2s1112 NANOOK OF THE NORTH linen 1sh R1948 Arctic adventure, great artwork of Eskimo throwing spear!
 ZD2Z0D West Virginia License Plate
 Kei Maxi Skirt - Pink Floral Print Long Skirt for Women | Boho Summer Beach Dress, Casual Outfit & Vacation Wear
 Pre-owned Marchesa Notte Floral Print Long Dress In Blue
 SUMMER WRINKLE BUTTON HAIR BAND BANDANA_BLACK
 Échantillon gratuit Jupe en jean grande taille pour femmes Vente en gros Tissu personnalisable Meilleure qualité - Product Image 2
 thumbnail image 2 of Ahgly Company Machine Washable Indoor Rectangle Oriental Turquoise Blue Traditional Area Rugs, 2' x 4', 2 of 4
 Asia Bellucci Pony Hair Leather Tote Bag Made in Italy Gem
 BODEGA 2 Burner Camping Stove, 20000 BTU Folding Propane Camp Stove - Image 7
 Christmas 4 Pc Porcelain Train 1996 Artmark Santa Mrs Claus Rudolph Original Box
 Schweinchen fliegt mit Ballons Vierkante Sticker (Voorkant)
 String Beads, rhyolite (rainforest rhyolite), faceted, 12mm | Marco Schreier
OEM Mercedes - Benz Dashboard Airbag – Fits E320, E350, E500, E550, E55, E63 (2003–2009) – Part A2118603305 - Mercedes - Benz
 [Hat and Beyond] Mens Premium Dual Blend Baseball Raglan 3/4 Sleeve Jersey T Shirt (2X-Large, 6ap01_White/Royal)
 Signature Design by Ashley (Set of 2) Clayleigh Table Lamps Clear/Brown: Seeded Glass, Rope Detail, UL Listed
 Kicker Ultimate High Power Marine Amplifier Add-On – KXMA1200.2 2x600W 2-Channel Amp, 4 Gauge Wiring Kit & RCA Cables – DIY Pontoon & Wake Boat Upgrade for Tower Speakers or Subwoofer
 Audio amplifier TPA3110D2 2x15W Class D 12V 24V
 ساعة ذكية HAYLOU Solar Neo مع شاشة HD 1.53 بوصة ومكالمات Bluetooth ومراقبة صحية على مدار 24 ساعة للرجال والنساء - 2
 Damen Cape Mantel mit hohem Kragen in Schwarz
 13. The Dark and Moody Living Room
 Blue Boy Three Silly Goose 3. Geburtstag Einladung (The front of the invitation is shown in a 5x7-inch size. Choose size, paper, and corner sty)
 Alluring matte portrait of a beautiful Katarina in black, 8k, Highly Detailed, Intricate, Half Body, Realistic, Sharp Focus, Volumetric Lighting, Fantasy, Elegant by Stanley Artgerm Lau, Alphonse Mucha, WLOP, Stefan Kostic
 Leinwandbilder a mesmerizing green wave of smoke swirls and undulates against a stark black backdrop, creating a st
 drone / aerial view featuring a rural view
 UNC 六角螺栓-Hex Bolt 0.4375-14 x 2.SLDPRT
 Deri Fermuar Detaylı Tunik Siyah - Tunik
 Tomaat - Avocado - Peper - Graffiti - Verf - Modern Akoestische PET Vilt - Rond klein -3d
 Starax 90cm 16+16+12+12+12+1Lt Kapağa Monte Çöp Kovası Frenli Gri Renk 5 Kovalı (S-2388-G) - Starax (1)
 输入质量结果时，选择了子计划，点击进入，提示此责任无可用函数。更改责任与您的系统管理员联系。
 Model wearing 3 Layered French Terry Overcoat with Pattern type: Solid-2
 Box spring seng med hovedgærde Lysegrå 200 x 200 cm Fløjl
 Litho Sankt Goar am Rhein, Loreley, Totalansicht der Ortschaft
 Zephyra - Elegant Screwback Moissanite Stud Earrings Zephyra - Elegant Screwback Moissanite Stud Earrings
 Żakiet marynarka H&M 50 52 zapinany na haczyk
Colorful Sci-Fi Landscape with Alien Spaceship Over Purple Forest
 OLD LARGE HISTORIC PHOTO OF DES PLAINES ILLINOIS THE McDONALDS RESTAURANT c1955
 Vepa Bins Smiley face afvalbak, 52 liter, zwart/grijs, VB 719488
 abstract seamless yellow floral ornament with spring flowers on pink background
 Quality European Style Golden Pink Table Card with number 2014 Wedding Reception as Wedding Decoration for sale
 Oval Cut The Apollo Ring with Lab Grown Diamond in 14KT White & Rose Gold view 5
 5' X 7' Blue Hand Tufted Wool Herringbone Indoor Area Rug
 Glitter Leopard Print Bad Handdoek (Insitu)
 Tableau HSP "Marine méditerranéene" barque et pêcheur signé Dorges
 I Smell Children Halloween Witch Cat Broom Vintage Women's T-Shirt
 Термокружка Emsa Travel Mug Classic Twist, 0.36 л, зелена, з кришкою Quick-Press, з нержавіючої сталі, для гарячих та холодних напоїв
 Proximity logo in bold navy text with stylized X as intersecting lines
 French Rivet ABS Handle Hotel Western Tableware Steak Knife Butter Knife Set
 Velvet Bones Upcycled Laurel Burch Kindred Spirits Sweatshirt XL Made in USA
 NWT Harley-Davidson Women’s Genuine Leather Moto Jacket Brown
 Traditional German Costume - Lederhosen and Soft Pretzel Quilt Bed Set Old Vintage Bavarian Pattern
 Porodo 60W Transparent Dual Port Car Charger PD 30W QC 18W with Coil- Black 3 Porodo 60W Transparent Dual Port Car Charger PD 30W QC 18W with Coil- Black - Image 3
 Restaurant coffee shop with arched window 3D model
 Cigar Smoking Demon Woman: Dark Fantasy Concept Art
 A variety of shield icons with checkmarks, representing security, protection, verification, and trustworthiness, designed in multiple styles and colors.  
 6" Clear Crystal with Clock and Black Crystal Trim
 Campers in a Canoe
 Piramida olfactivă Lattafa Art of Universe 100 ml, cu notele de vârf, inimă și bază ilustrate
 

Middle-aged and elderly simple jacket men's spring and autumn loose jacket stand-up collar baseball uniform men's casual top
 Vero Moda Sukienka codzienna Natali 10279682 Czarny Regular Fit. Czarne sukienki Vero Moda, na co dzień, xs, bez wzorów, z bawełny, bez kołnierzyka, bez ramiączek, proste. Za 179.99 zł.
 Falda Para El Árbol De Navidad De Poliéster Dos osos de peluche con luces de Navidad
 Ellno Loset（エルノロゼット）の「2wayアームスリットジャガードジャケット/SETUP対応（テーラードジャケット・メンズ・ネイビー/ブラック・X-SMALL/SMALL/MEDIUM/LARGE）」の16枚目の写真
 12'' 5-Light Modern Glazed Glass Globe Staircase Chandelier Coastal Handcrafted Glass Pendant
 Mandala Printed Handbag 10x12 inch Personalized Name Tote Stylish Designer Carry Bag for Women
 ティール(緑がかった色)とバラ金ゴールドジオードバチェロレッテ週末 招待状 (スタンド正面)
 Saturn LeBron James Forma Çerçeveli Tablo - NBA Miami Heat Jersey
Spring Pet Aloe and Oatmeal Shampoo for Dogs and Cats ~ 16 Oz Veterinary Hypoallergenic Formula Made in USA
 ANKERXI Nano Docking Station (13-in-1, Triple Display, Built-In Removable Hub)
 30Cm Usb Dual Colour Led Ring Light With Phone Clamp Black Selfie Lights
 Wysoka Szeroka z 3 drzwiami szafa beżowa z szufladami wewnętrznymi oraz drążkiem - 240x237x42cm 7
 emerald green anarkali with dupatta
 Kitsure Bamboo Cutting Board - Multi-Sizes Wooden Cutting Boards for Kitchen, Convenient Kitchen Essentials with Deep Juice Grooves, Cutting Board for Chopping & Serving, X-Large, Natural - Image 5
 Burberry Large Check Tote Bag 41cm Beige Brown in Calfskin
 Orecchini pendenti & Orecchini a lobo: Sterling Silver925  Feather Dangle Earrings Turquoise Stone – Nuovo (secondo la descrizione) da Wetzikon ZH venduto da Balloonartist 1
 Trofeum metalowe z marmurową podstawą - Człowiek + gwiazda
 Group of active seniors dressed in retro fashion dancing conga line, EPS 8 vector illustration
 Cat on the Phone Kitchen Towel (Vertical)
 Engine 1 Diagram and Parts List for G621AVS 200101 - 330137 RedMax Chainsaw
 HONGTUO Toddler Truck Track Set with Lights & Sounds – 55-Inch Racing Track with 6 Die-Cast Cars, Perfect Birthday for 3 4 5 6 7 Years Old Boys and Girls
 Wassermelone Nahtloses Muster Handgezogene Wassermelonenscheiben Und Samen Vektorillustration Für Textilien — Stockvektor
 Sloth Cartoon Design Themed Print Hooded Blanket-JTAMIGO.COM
- - -
▸ Assigned task
Show me all lines in the records that contain "Elegant".

▸ Answer to the exercise
 Alluring matte portrait of a beautiful Katarina in black, 8k, Highly Detailed, Intricate, Half Body, Realistic, Sharp Focus, Volumetric Lighting, Fantasy, Elegant by Stanley Artgerm Lau, Alphonse Mucha, WLOP, Stefan Kostic
 Zephyra - Elegant Screwback Moissanite Stud Earrings Zephyra - Elegant Screwback Moissanite Stud Earrings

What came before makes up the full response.